**Your objective**: Give back the listing in full and exactly, leaving out the images.

**Information supplied**:
-*-
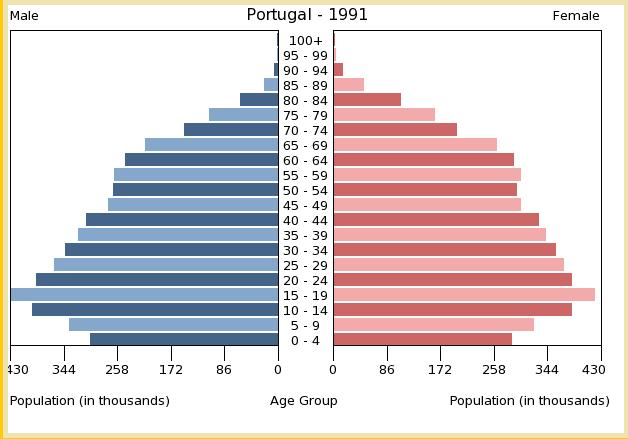 Resultado de imagen de piramide de poblacion de portugal 2016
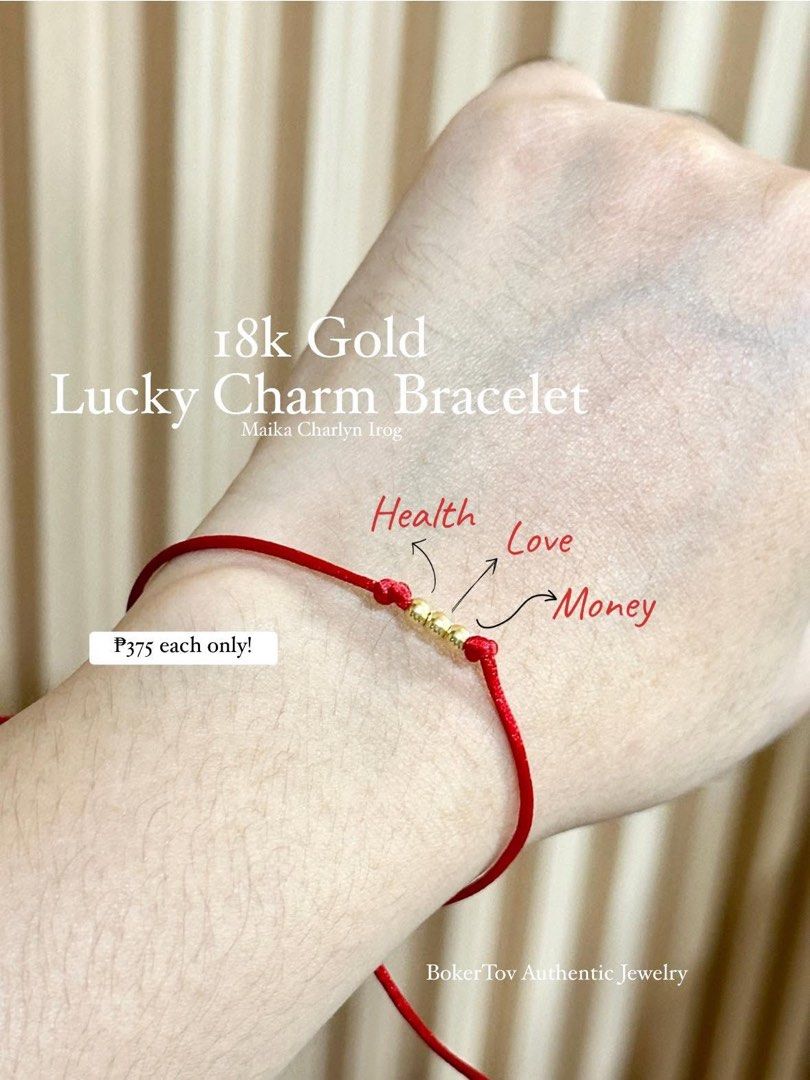 Red string with 18k Gold bracelet (Category: Bracelets) located in Balanga. Submitted by malka.wrist.it (Listing ID 1347770647, Image 1). Description: 10 PIECES ONHAND STOCKS ONLY! Minimalist Health, Love, Money 18k Gold Balls in Lucky Red String ❤️ Pwedeng-pwede na panregalo sa nalalapit na Chinese New Year at Valentine’s Day✨ ✅First Pay, First Served 💵PAYMENT FIRST (no dp, only full payment) ❌NO COD/COP kahit meetup (wag makulit) 📍Balanga Bat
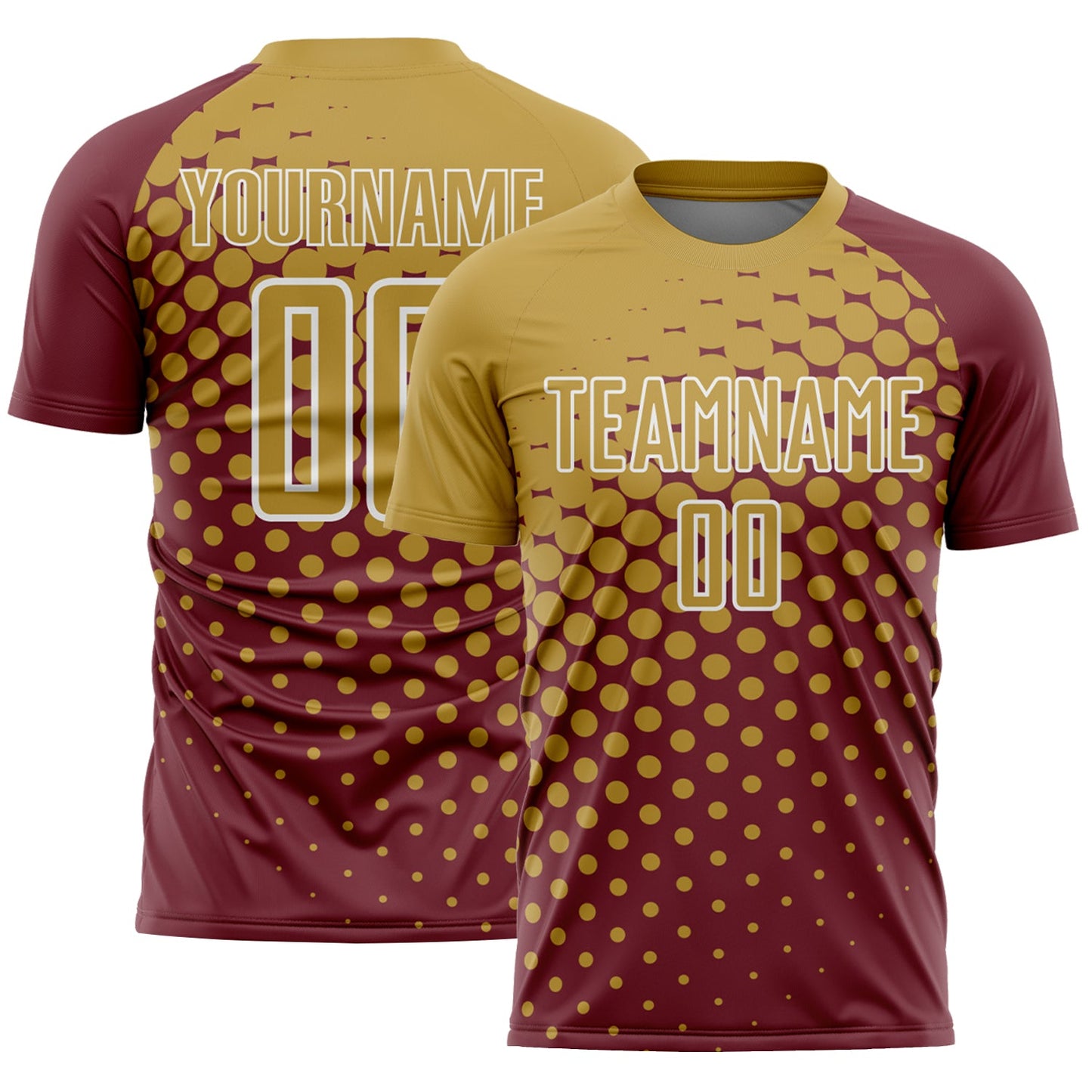 Custom Burgundy Old Gold-White Modern Polka Dot Sublimation Soccer Uniform Jersey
-*-
**Reply to the exercise**:
 Resultado de imagen de piramide de poblacion de portugal 2016
 Red string with 18k Gold bracelet (Category: Bracelets) located in Balanga. Submitted by malka.wrist.it (Listing ID 1347770647, Image 1). Description: 10 PIECES ONHAND STOCKS ONLY! Minimalist Health, Love, Money 18k Gold Balls in Lucky Red String ❤️ Pwedeng-pwede na panregalo sa nalalapit na Chinese New Year at Valentine’s Day✨ ✅First Pay, First Served 💵PAYMENT FIRST (no dp, only full payment) ❌NO COD/COP kahit meetup (wag makulit) 📍Balanga Bat
 Custom Burgundy Old Gold-White Modern Polka Dot Sublimation Soccer Uniform Jersey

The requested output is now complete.